Solar power projects comprised 64 percent of delayed projects with land-based wind projects accounting for 23 percent of delayed capacity and storage 13 percent, the report found. And project delays continue to mount, the report said, noting that developers reported 19,286 MW of projects that experienced delays in the second quarter, including 8,116 MW that is now expected online this quarter. Multiple projects, totaling 827 MW, have had more than one delay in their expected online dates, according to the report.
The delays reported in the second quarter were compounded by previous slowdowns, the report found, noting that at the end of 2021, 10,993 MW of clean power capacity experienced delays, of which only 3,850 MW has since come online.

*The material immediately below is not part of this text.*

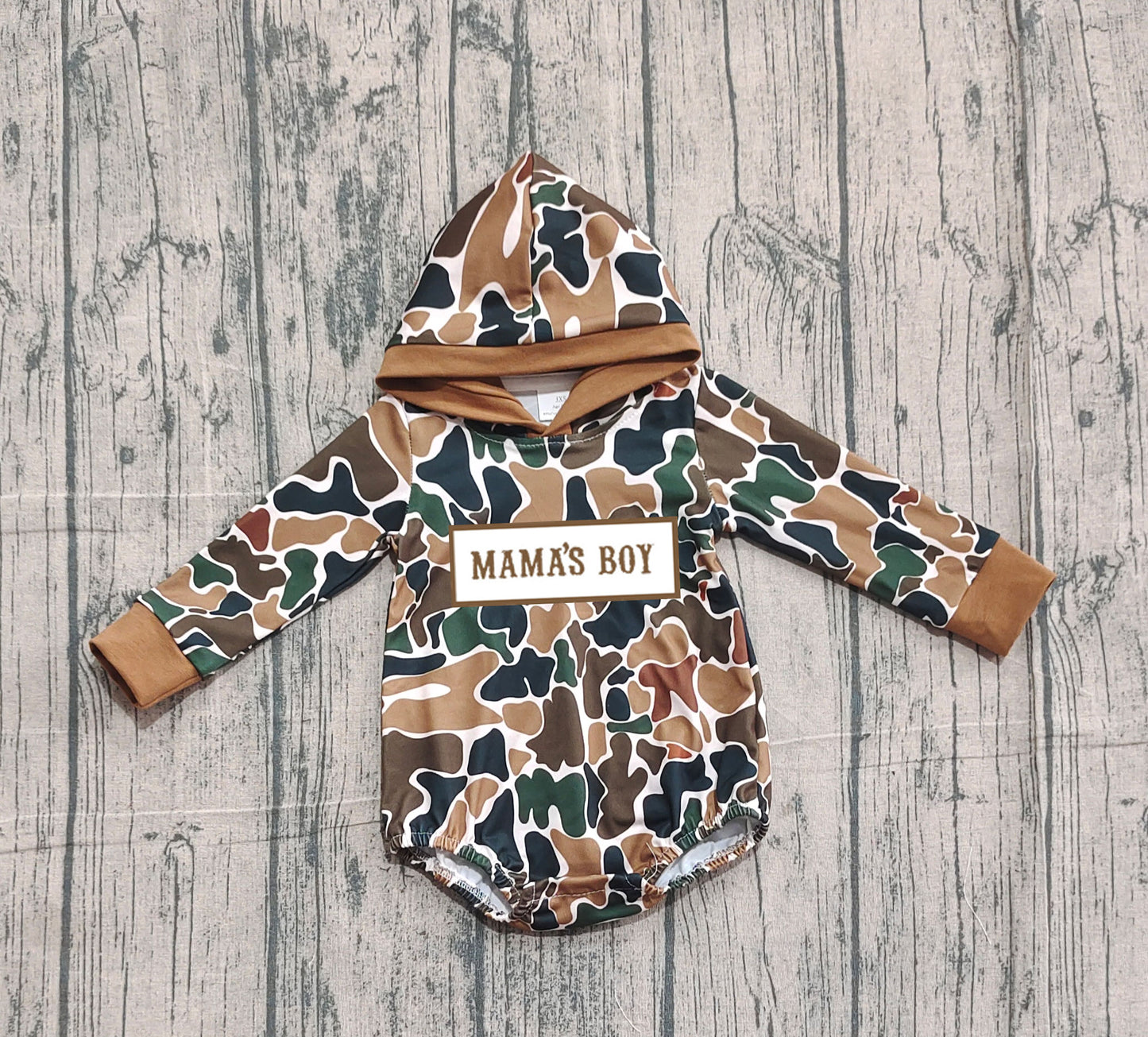Long sleeves brown camo Mama's boy baby hooded romper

Additionally, in the first quarter of 2022, 7,370 MW of capacity was delayed, of which 551 MW has since come online. In all, since the end of 2021 more than 32,400 MW of capacity has been delayed and has not yet achieved commercial operation, the report found.

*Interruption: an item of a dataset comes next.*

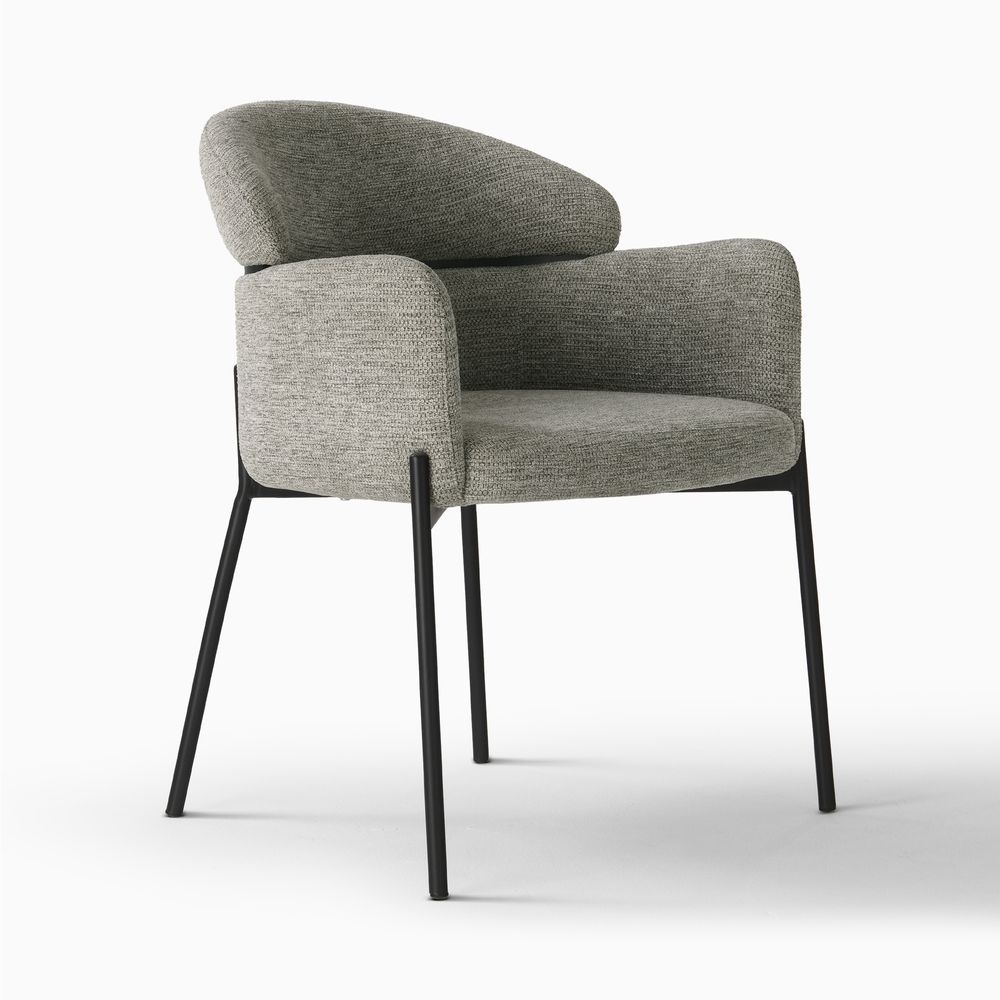Grey Cotton Linen Dining Chair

Of the 8,166 MW of clean energy capacity expected online in the second quarter but was delayed, 5,782 MW are now expected online by year end with the remaining 2,400 MW of capacity now expected online between 2023 and 2026 or to be delayed indefinitely, the report said.
Looking forward, the capacity of solar power in the clean energy pipeline slowed compared with the first half of 2021, but showed a 5 percent increase over the first quarter, the report found. Solar power projects now account for 57 percent of the pipeline of clean energy capacity in the pipeline, including 22,765 MW under construction and 50,938 MW in advanced development.

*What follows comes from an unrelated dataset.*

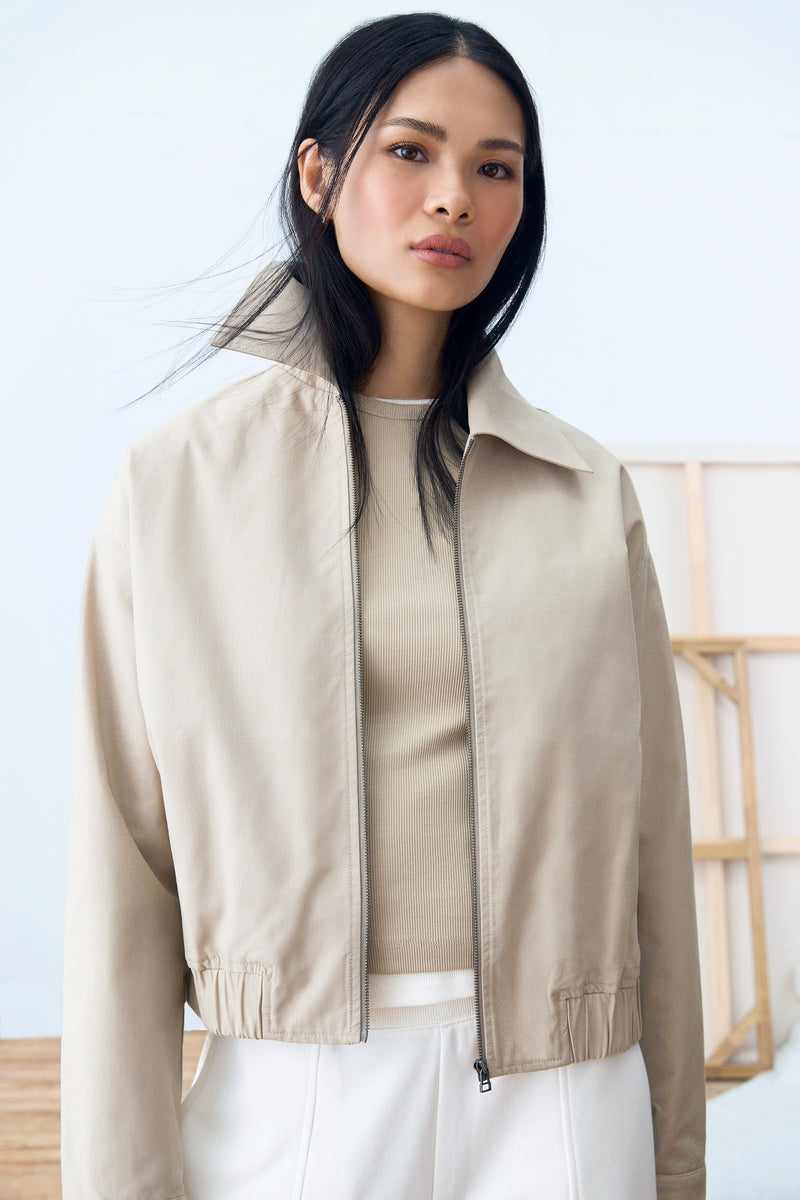 The Zip Up Bomber Jacket in Light Beige – Frank And Oak USA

Development of land-based wind power, the largest source of operational clean power, has also slowed down, the report found. Between third-quarter 2021 and fourth-quarter 2021 wind capacity in the development pipeline decreased by 7 percent, and between the end of 2021 and first-quarter 2022 the land-based wind pipeline decreased 2 percent, and in the second quarter the wind project pipeline decreased by 1 percent.
Land based wind projects now account for 18 percent, or 23,185 MW, of the clean energy project pipeline with offshore wind projects accounting for an additional 14 percent, or 17,502 MW, of the pipeline.
Energy storage projects also slowed, decreasing by 1 percent in terms of megawatt capacity since the first quarter and down from an 18 percent increase between fourth-quarter 2021 and first-quarter 2022, the report found. At the end of the second quarter there were 14,499 MW (36,200 megawatt hours) of storage capacity in development, according to the report.
In terms of megawatts, 31 percent of battery storage capacity in the pipeline are standalone projects with the remaining 69 percent of projects paired with wind or solar resources, according to the report.
California leads in battery storage development with 5,773 MW, accounting for 41 percent of the total storage pipeline, the report found. Texas ranks second with 2,415 MW, and Nevada third with 1,473 MW.
California also ranked first in terms of overall clean energy development, bringing 825 MW of clean energy online in the second quarter, the report found. Texas was second, installing 618 MW, followed by Florida with 277 MW, and Georgia with 236 MW.
In terms of technology, 1,575 MW of new solar capacity was brought online in the second quarter, bringing 2022 solar installations to 4,558 MW, the report said. Five land-based wind projects came online in the second quarter with a total capacity of 620 MW. Total 2022 wind installations are now 3,485 MW. And battery storage had a record second quarter with 992 MW coming online, bringing year-to-date total to 1,751 MW.